Virtual Shareholder Meetings in the Age of COVID-19

February 12, 2021

The world has certainly changed since March 12, 2020, when The Ticker first noted rising interest in virtual shareholder meetings (VSMs) due to COVID-19. According to updated facts and figures recently released by Broadridge Financial Solutions, Inc. (Broadridge), 1,957 VSMs were held on the company’s platform in 2020, a 500 percent increase over 2019.

Some of the most noteworthy statistics in Broadridge’s report on VSMs held in 2020 are:

  • 98 percent were virtual-only meetings, of which 99 percent used audio only and 1 percent were conducted with video.
  • 57 percent of the companies holding VSMs were small-cap, 24 percent were mid-cap and 19 percent were large-cap.
  • 95 percent of companies allowed live questions to be submitted via text box and 10 percent collected questions online in advance of the meeting.
  • 84 percent of the companies holding VSMs were first-time adopters.
  • The average meeting had 49 shareholders and non-shareholder guests in attendance.
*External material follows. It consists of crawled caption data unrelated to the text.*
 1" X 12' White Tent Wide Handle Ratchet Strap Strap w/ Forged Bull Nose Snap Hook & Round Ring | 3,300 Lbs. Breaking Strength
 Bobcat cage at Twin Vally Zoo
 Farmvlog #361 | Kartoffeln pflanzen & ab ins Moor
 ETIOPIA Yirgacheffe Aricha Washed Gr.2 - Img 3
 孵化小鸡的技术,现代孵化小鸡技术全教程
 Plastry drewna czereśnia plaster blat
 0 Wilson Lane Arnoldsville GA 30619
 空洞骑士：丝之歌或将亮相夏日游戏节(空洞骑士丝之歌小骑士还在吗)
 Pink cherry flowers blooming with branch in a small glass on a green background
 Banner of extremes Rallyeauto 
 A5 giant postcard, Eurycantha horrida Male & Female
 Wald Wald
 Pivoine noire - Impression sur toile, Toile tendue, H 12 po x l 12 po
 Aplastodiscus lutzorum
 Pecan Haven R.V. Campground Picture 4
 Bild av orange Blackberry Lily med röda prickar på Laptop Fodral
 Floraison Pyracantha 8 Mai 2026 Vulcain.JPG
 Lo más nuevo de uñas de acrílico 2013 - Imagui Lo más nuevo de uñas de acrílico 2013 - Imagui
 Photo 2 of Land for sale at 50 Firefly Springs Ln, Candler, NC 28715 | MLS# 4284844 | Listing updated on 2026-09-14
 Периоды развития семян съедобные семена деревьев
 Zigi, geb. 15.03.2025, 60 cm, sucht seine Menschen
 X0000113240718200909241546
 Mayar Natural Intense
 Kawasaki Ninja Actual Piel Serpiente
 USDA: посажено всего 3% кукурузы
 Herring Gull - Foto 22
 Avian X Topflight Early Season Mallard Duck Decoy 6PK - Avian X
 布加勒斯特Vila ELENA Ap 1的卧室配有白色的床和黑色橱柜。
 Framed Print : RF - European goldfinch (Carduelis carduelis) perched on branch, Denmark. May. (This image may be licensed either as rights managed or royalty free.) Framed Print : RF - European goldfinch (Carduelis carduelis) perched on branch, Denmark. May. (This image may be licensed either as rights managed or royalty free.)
By and large, institutional investors and proxy advisors have been understanding of the need to rely on VSMs in the age of COVID-19. Still, it is important to follow best practices. For example, proxy advisory firm Glass, Lewis & Co. recently set forth its expectations of companies holding VSMs in 2021.

Above all, companies holding VSMs should remember two fundamentals:

  1. VSMs should be used to broaden, not limit, shareholder meeting participation.
  2. Shareholders should be afforded the same rights and opportunities to participate as they would at an in-person meeting.